JOHANNESBURG (miningweekly.com) – Commodities trader Glencore International said on Tuesday it had acquired a further 36.56% interest in Optimum Coal, following unconditional approval by the South African competition authorities.
The consortium now holds directly and indirectly, together with its black economic-empowerment partner Cyril Ramaphosa, 67.77% of the issued share capital of Optimum Coal.
As the consortium is now in a position to exercise at least 35% of the voting rights attached to the ordinary shares of Optimum Coal, it is required, in terms of the South African Companies Act to make a mandatory offer to acquire the shares of all shareholders of Optimum Coal not already owned or controlled by the consortium.
The consortium will offer the remaining Optimum Coal shareholders R38 a share in cash.
“Optimum will add to our coal presence in South Africa and will be complimentary to our Shanduka Coal joint venture and our investment in Umcebo,” Glencore director of the coal/coke commodity department Tor Peterson said.
Optimum is South Africa’s sixth-largest coal producer and fourth-largest exporter of the commodity. It owns two operating mining complexes, both located in the Mpumalanga province.

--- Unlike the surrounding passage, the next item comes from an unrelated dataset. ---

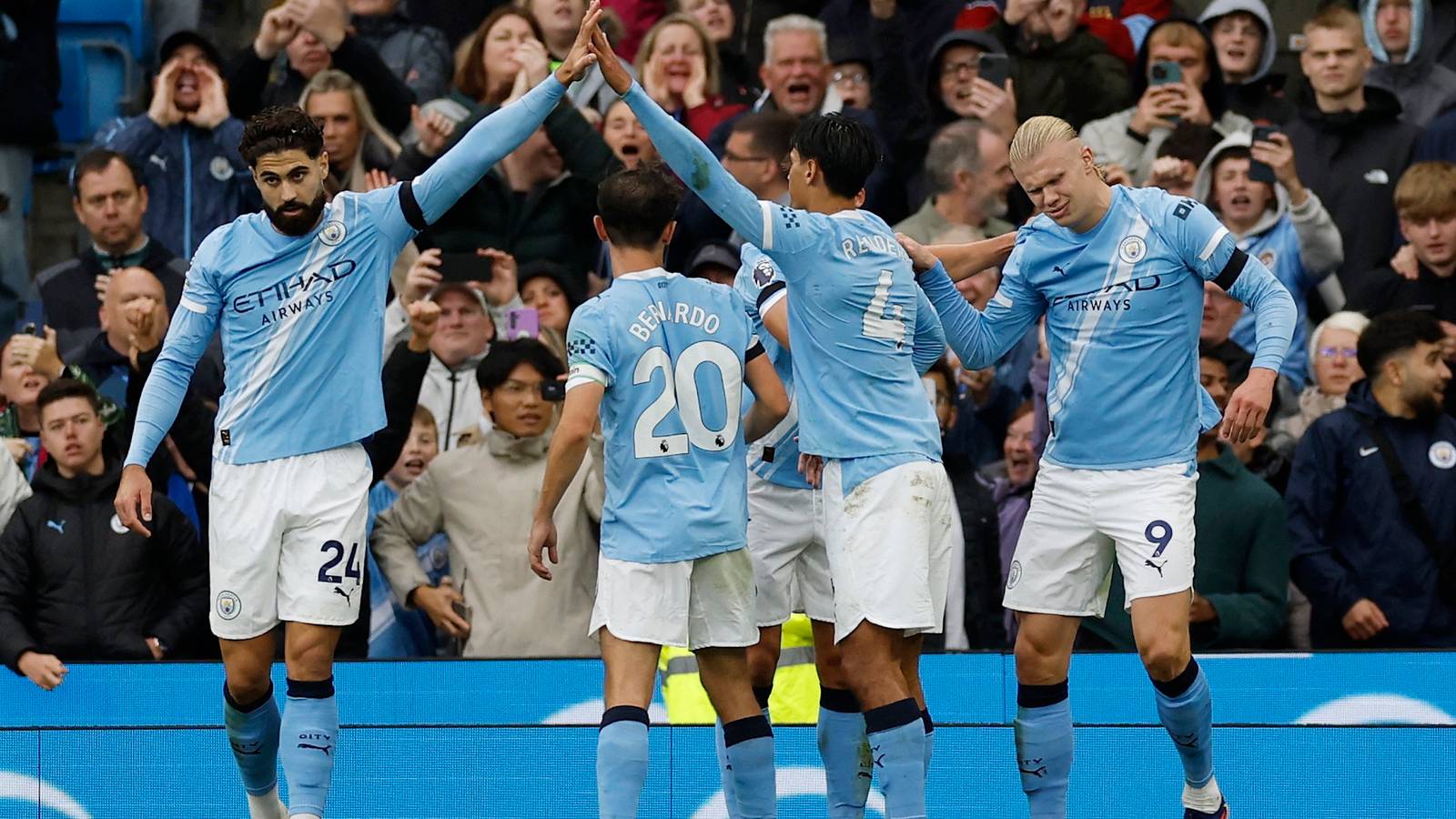 Real Madrid make contact with "special" Man City hero after £217m reveal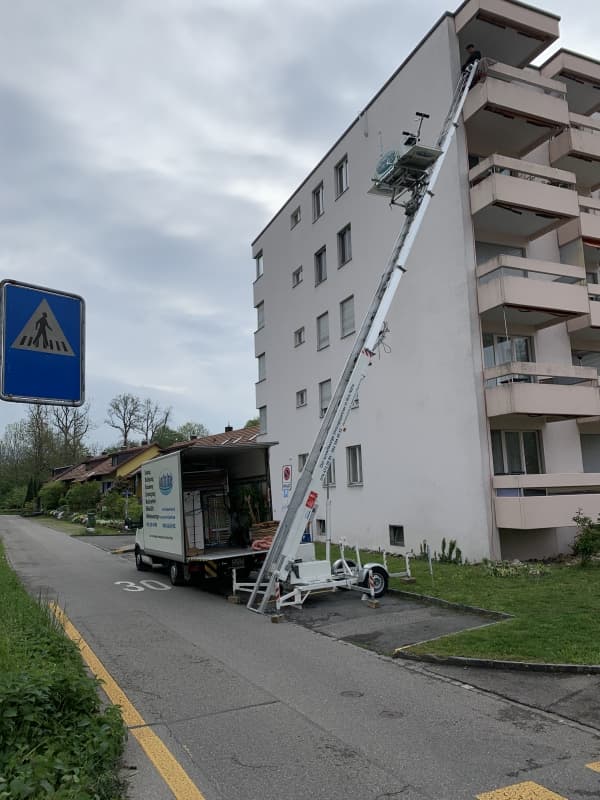 Umzug, Hausräumungen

“South Africa is an important producer to supply the growing Chinese and Indian markets, so we are delighted to add to our business in the country, with Ramaphosa as our partner,” Peterson added.
Glencore is also currently undertaking a $36-billion takeover of miner Xstrata, as well as Canada's largest grain handler Viterra in a cash deal valued at C$6.1-billion.
Meanwhile, Optimum appointed Ramaphosa as nonexecutive director and chairperson of the board, succeeding Bobby Godsell, who resigned on Monday.